Monday, September 14, 2015

Quick Sips - Fantastic Stories of the Imagination #230

Two flash works fill up this issue's original work from Fantastic Stories of the Imagination. Thematically, the stories are both dealing with mortality, at least in my opinion. In both there is a sense that what is truly beautiful cannot last forever. That there is something in the nature of beauty that is tied to time. We see a woman traveling the galaxy, exploring all kinds of things, capturing her memories to save, and yet the true beauty of her past is in her, is never bound in the memory boxes. In the second story a person encased in glass and water and wire finds that they long for the sight of a flower, that for all that the world has given her immortality, it pales before the fleeting beauty of a bloom. An interesting theme to tie the stories together, and one I should get more into in the reviews...




Stories:

"The Attic of Memories" by Sunil Patel (968 words)

This story is one of memory, of exploration, of capturing what can't quite be captured. Jacinda, a woman of indeterminate age, lives with a quest given to her by her attic. Go out and live. Experience as much as possible, and store the memories of those experiences in small boxes to bring back to the attic. Fear, joy, awe, pleasure--everything goes into the boxes. But of course it's never enough, never really everything. Because while each journey might be captured in a moment, in a box that contains the most potent feeling of the trip, the rest of the experiences aren't kept anywhere but in Jacinda's mind. And it's there, not inside the attic, which actually holds the key to looking back. Without Jacinda, without that nostalgia that she feels, without the small emotions and feelings that were never part of what went into the boxes, they are missing some vital context. It is a collection that really only works for Jacinda, but really only has to. This is her attic, her life laid out around her, her quest. The story seems to be revealing what can't get saved, what can't be written down or recorded. That there is something to the keeping of memories, but the memories themselves always fail to quite live up to the real thing. There is no end to the quest, no collection complete enough that she wouldn't want to go back out, not to retread the ground she's walked already but to feel something new, to be more than just the sum of memories. It's a nostalgic story, a sort of guided tour through an interesting bit of world building, and the ending has just enough of a message to bring everything together, to leave that call to the readers. Go out. Live. A fine story.

"I Miss Flowers" by Alexandra Grunberg (543 words)

This is a much starker story about a person suspended behind glass. The story is quite short but it revolves around the idea of growth and the natural and what it means when people start living in small tubes.
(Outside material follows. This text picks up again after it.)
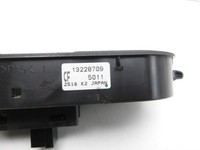 Opel Zafira B 05-11 Fensterheberschalter Schalter Rechts Vorne Opel Zafira B 05-11 02.11.2006 13228709 gebraucht Vorschau 2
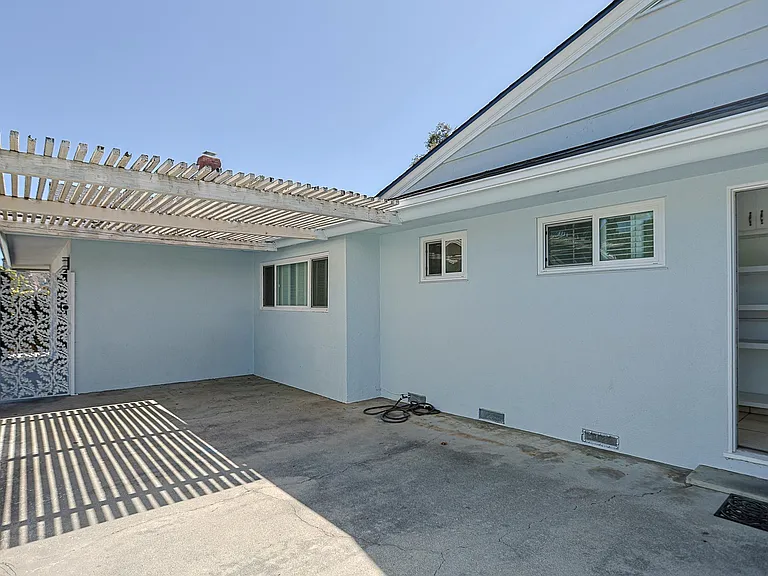 W Rowan St — Photo 4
I will admit I could envision these tubes, these chambers of water and wire where some people are suspended, immortal, as a sort of The Internet-style series of tubes, because in many ways the story seems to be making a point on how people don't see the natural anymore. Though I'm not sure that it's as simple as that. The people outside the cage the main character is in seem to have stopped valuing what some might call "natural beauty." They don't care for flowers. If flowers still exist, it is somewhere unseen and unknown. But they do preserve people. The main character is like a flower, preserved in water, never aging and never really doing anything. Though even that seems to have lost much of its allure as the people of the story don't pay much attention to the main character any more. I don't think this is a "people need to pay attention to nature" story, though. It's not like flowers represent nature all that well, as they are ornamental, pretty and, when picked and put into vases, not exactly a reminder of the natural world so much as something to admire until they wither and die. And that seems to be some of what's going on in the story, that people are losing sight of mortality. Stopping to smell the roses, as it were. People are valuing immortality, or the illusion of it, and things that have the appearance of lasting. They aren't being reminded that life is fragile, that life is beautiful, and so they are squandering it. That, at least, is how I read the story, not as a call to go out to see a park, exactly, but a call to stop avoiding the beauty and truth that everything has a season, everything blooms and dies. Without that, there is a certain coldness, a sterility that freezes progress. So another good story, short but with a lot to unpack.